Podwyżka podatków przez PiS jest nieunikniona. Jednak Jarosław Gowin obiecuje, że będzie walczył, aby nie było zbyt dotkliwa.

Prezentacja założeń Nowego Ładu PiS wzbudziła popłoch wśród pracodawców i pracowników. Rząd Mateusza Morawieckiego nie tylko wyznaczył poziom „bogactwa” na żenująco niskim poziomie, ale również odsłonił karty w zakresie podnoszenia podatków.

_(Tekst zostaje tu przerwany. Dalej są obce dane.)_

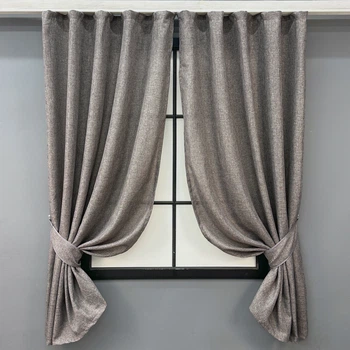 Комплект коротких штор VR-Textil Лен Мешковина № 1769ш Серый 130х170см 2 шт (35-0364)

Chodzi np. o likwidację możliwości odliczenia składki zdrowotnej od podatku. Socjalistyczny bat na Polaków wywołał przerażenie u koalicjanta PiS – Porozumienia Jarosława Gowina.

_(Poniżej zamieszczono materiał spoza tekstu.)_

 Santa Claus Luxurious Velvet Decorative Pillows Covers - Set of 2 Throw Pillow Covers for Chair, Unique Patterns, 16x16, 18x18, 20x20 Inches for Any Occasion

W poniedziałek Gowin wystąpił w Polsat News, gdzie zapewniał, że będzie walczył, aby podwyżka podatków nie byłą zbyt dotkliwa.

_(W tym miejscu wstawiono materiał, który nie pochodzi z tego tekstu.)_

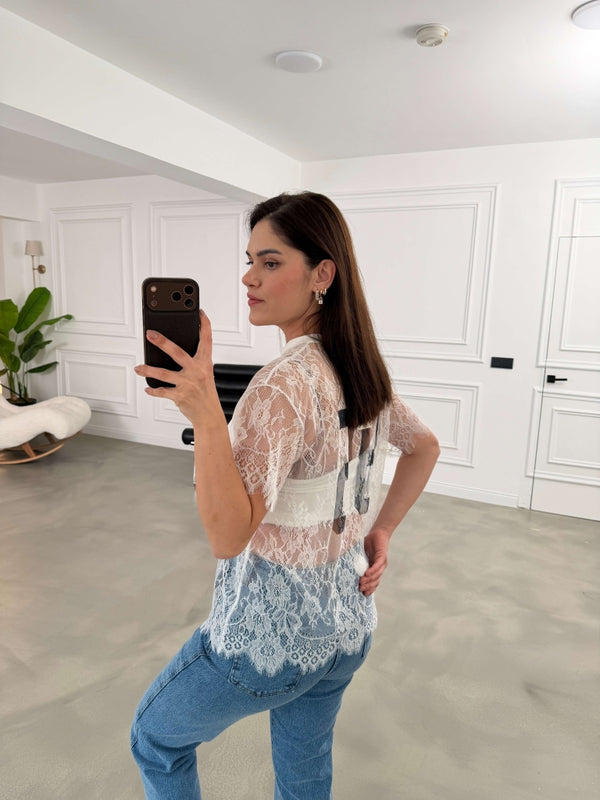 Ekru Baskılı Dantel Tshirt 1098-Ekru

„Znaleźliśmy już rozwiązania, które chronią przed tak drastycznym wzrostem podatków osoby zatrudnione na umowę o pracę. Teraz szukamy takich rozwiązań, które uchronią przed drastycznym wzrostem podatków przedsiębiorców” – powiedział wicepremier.

„Już na konwencji mówiliśmy o uldze dla klasy średniej i to jest propozycja Porozumienia. Nie może być tak, że osobom, które zarabiają ciut lepiej podnosi się podatki o 50 proc.” – dodał Gowin.

Gowin zapewnił, że swoje propozycje przekazał premierowi. Pierwszym elementem ulgi, na który Morawiecki rzekomo się zgodził, jest obniżenie stawki ryczałtu podatkowego dla twórców i przedstawicieli wolnych zawodów.

Ulga dotyczy jednak tylko jednej grupy.

„Posłuchajcie wicepremiera Gowina: wzrost podatków dla zatrudnionych miał być drastyczny, ale dzięki Gowinowi będzie mniej drastyczny. Natomiast przedsiębiorcy na likwidację drastyczności jeszcze muszą poczekać” – skomentował dobroduszny gest Gowina dr Tomasz Sommer.